Whether your ERP systems were designed by Oracle or SAP; whether your trucks were built by Volvo or Isuzu; whether your tractors were made by Caterpillar or Komatsu; the true competitive difference for all companies is the people that moves the business forward. Recognizing this global organizations are increasingly turning to Executive Coaches to develop star talent.

The majority of the Executives that have received Coaching indicate that they are ‘extremely satisfied’ with the development and knowledge gained from Coaching. Indicating increased Leadership Skills, improved Self-Awareness and better life balance as the 3 areas where they gained the most benefits.

Human Resource Professional and Supervisors (CEO’s, etc) of the individuals being coached indicated a wide increase in skills development essential to an executives day-to-day tasks and acknowledged a high degree of satisfaction from the Coaching process.

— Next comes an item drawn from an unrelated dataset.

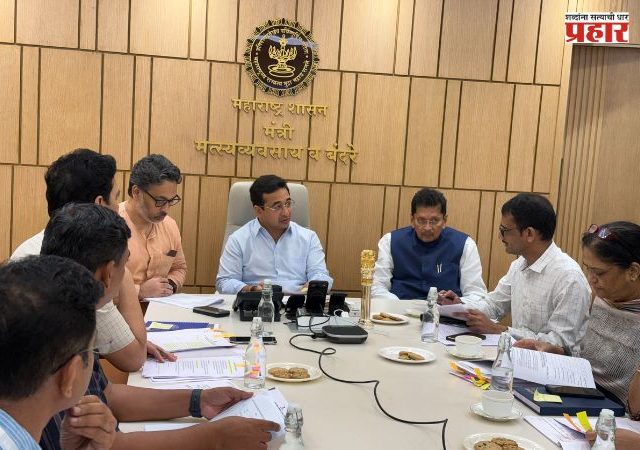 Nitesh Rane : सिंधुदुर्गातील आरोग्य सुविधांसाठी आवश्यक मनुष्यबळ व सर्व सुविधा तातडीने उपलब्ध करा - मत्स्यव्यवसाय व बंदरे मंत्री नितेश राणे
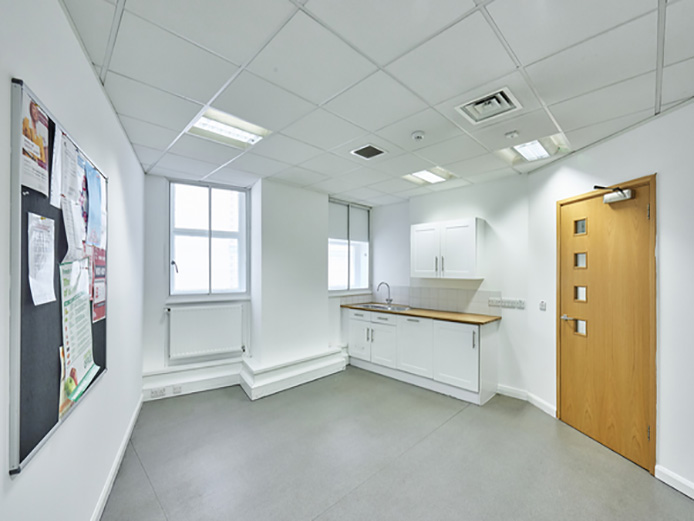 Kitchen facilities for Grosvenor House offices Birmingham city centre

The survey indicates that the vast majority of Coaching assignments are based on recommendations and therefore the value speaks for itself as providing a return on investment.

Furthermore the MindTram Executive Coach survey provides insight from Coaches as well as the Organizations recruiting the Coach, thereby offering opinions from buyers and suppliers of Coaching.

In these difficult economic times it would appear that Leadership Development and people skills are one area that organizations would seem to need more of.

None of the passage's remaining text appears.